Assistance Plus sends emergency notifications to the Garmin IERCC, a 24/7 emergency response coordination center. This is the send emergency help feature in which the IERCC will contact and coordinate with emergency services or others to provide assistance and stay in contact through two-way messaging with the watch until the emergency is resolved.
LiveTrack, Live Event Sharing, and Spectator Messaging are the fun features. LiveTrack is not new, but doing it without a phone is new. Live Event Sharing lets you automatically send pace and mileage updates to your contacts during a race. And Spectator Messaging lets your crew send you motivational audio and text messages. I can think of a few races where I would have begged for Spectator Messaging to survive.
LTE: HOW DOES IT ALL WORK
You subscribe to the LTE service through Garmin in the mobile Garmin Connect app; you do not add it to your existing cell carrier. Garmin currently has full services, dubbed Assistance Plus, in the U.S., Canada, New Zealand, Germany, France, Spain, Switzerland, Norway, Denmark, Belgium, Netherlands, Taiwan, and Singapore. And they have limited features available in Mexico, Japan, Thailand, Hong Kong, and Israel. Additionally, they have interoperability within North America and within Europe & Asia. A North American watch will not have LTE connectivity in Europe or Asia, and vice versa, at this time. Keep that in mind when purchasing, especially from certain large online retailers. The Forerunner 945 LTE is intended for runners and cyclists who do not want to carry a phone but do want safety and tracking features for greater peace of mind.
WHAT ELSE
The Forerunner 945 LTE is largely the same as the original 945. There are a few subtle updates and improvements in addition to the LTE feature. The first thing I noticed is that the 945 LTE is a little smaller. This is huge to me, and I would pick the watch for this, even if I never planned to use the LTE features. The Forerunner 945 LTE is 44.4 x 44.4 x 13.9mm and weighs 49 grams. The Forerunner 945 is 47 x 47 x 13.7 mm and weighs 50 grams.
The 945 LTE user interface is slightly different. The button behaviors are the same, but the screen cues and layouts are a little different on the LTE version. I like the new UI, but Garmin has no plans to retroactively update the original 945 to the same UI.
Garmin added a new interval feature which is really three in one: Interval Classifications happen on the watch, for example you will see “fast time” segregated out; Open Repeats mode lets you do intervals in real-time without having to set anything up (real-time counting of intervals versus laps as well as a real-time data screen of intervals completed; and Automatic Detection of intervals lets you “just run.”
Finally, the 945 LTE HR sensor is a newer version with improved performance over the original. I will trust Garmin on this, because I am one of those for whom wrist HR monitors work well. The 945 LTE HRM worked perfectly well for me in intervals, long runs, and pool workouts.
WHAT WILL IT COST
The 945 LTE is priced $50 USD more than the original Forerunner 945 respective models, beginning at $649.99. The cost of using the LTE during a workout is about 30% of battery life, using my simple math.

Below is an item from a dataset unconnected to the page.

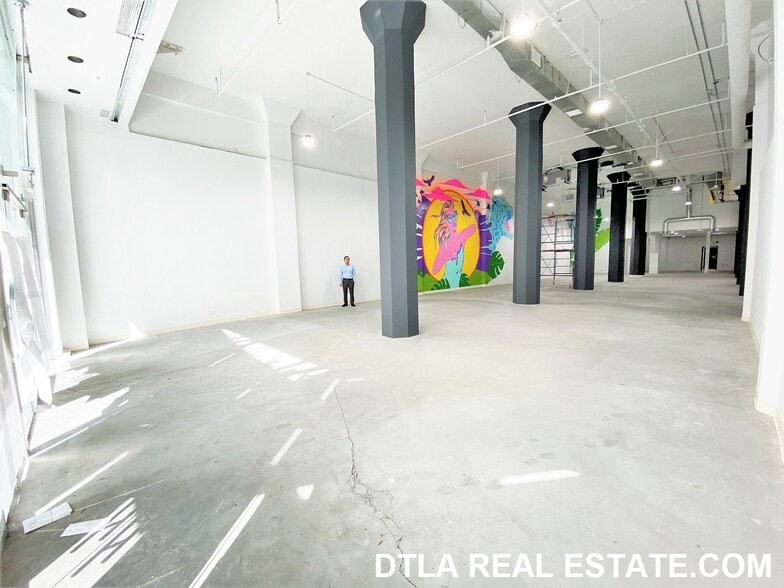 More Photos Of 643 S Olive St, Los Angeles Loft Creative Space For Lease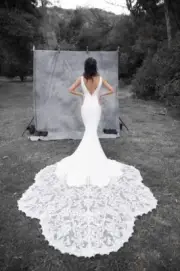 Enzoani Marley Wedding Dress - Size 10 - BRAND NEW NO ALTERATIONS MADE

Its absolute worst-case battery scenario is 7 hours GPS, music, and LTE. This would easily get most people through a half-distance triathlon if music were allowed. If you ditch the music, then the watch would probably last around 20 hours, which is more than most people would need except for a handful of ultra races.
The other cost is the LTE subscription. Garmin offers two plans in the U.S.: a monthly plan with no contract for $7/month and an annual plan for $6/month.
THE DECISIONS
Garmin’s 945 LTE has nearly every imagined feature in a premium multisport watch and is almost identical to the original 945 in that regard. If the emergency connectivity was the last thing causing you to hold on to your phone during runs and rides, the Forerunner 945 LTE is the watch you have been looking for. It would be worth upgrading from a 945 to get this and leave the phone behind. If you are shopping for a new watch, and the slightly smaller size is appealing, then the 945 LTE could be the watch for you, even if you have no plans to use the LTE features.